Botulinum toxin, injected into the bladder every 6 to 12 months, is an effective treatment. In 2022, more than 10,000 injections were performed in France (ATIH data). At the Grenoble University Hospital (CHUGA), 190 injections were recorded in 2018 and 300 in 2023. As elsewhere, the active patient cohort is increasing exponentially.

Treatment efficacy is assessed using a voiding diary (VD): a three-day record of each voiding episode with bladder capacity, frequency, and leakage. It is essential to detect the onset of voiding dysfunction through uroflowmetry and ultrasound measurement of post-void residual (PVR) at 6 weeks after injection (peak diffusion and efficacy). This allows determining the dose and frequency of reinjections. The goal is to improve quality of life, but also to protect the upper urinary tract, particularly in neurogenic bladders.

These 300 annual injections require 300 follow-up consultations, but many data points are often missing. Indeed, patients currently often attend post-injection consultations without a voiding diary and with a non-empty bladder… It is therefore important to improve this follow-up.

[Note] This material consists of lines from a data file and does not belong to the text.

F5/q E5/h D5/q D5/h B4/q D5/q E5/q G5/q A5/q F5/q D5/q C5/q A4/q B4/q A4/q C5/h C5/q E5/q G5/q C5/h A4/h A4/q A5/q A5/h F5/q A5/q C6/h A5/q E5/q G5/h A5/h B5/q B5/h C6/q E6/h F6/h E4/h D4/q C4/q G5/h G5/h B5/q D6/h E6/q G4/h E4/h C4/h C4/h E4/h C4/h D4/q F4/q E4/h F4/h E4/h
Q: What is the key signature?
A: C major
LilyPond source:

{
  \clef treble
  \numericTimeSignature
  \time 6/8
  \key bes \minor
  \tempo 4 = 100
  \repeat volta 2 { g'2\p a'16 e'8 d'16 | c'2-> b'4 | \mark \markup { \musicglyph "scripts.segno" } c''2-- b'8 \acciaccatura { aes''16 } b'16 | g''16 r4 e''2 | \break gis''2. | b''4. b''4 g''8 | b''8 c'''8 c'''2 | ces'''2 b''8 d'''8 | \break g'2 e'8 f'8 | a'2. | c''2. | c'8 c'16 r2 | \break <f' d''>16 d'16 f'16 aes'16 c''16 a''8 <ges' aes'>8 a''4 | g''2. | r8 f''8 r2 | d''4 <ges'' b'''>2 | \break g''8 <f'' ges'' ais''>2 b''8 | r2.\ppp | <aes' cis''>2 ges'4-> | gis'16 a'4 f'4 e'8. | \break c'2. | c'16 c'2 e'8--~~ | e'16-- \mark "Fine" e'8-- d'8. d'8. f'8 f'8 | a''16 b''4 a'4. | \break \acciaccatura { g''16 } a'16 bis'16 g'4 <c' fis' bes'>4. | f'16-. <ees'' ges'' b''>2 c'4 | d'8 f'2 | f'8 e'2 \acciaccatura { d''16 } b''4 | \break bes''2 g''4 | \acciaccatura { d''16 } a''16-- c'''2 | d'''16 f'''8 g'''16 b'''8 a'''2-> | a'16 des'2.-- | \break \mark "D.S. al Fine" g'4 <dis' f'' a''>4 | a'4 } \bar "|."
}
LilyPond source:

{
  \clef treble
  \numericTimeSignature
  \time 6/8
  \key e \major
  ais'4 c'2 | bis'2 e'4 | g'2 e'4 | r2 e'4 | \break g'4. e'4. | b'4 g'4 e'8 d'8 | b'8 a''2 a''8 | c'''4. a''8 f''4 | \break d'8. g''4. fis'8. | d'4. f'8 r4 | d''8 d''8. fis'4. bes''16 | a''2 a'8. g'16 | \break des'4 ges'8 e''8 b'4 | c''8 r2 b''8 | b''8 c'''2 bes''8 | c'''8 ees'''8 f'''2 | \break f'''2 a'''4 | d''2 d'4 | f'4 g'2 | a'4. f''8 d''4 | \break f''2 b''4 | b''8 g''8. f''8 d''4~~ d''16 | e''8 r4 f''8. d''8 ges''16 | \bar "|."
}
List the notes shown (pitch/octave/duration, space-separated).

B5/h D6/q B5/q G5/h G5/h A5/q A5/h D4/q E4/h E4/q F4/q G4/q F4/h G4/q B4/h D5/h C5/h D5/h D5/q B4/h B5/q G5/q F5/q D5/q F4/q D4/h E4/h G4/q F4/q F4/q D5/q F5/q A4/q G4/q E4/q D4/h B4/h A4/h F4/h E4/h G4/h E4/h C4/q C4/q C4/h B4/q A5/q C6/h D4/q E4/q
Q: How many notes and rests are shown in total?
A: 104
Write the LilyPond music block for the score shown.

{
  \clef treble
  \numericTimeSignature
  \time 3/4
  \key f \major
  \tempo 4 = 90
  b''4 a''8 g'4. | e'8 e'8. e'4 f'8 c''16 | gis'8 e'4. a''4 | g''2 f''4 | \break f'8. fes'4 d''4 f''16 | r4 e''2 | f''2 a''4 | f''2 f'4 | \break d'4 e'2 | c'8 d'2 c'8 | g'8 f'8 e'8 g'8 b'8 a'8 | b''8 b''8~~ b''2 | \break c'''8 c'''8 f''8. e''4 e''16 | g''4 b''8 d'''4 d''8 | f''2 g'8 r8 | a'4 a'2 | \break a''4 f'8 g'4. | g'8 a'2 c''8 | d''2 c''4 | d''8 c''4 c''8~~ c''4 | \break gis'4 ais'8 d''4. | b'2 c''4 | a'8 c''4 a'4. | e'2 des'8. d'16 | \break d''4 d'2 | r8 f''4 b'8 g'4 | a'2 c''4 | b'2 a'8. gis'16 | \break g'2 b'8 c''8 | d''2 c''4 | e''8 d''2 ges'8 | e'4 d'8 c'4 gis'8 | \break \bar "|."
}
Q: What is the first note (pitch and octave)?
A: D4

With our VESIC@HOME project, we aim to provide patients with the services of the home-care provider IC@dom and, thanks to suitable connected tools (Homeflow®), collect VD and uroflowmetry/PVR at home, as well as quality-of-life questionnaires, thereby improving data completeness under more physiological and comfortable conditions for the patient.

Study Type

Interventional

Enrollment (Estimated)

112

Phase

  • Not Applicable

Contacts and Locations

This section provides the contact details for those conducting the study, and information on where this study is being conducted.

Study Contact

Study Contact Backup

Participation Criteria

Researchers look for people who fit a certain description, called eligibility criteria. Some examples of these criteria are a person's general health condition or prior treatments.

Eligibility Criteria

Ages Eligible for Study

  • Adult
  • Older Adult

Accepts Healthy Volunteers

No

Description

Inclusion Criteria:

  • Patient with a neurogenic bladder or idiopathic overactive bladder.
  • Patient treated with intradetrusor botulinum toxin injection as part of their usual care, whether performing spontaneous voiding or self-catheterization.
  • Patient whose residence allows a home visit by a service provider within the area covered by the AGIR à dom group.
  • Patient affiliated with the social security system.
  • Patient willing to provide informed consent

Exclusion Criteria:

  • Persons covered under Articles L1121-5 to L1121-8 of the French Public Health Code (CSP), corresponding to all protected persons: pregnant or postpartum women, breastfeeding mothers, individuals deprived of liberty by judicial or administrative decision, persons receiving psychiatric care under Articles L. 3212-1 and L. 3213-1 who are not covered by the provisions of Article L. 1121-8, individuals admitted to a healthcare or social facility for purposes other than research, minors, persons under legal protection, or individuals unable to give consent.
  • Staff members with a hierarchical relationship with the principal investigator.

Study Plan

This section provides details of the study plan, including how the study is designed and what the study is measuring.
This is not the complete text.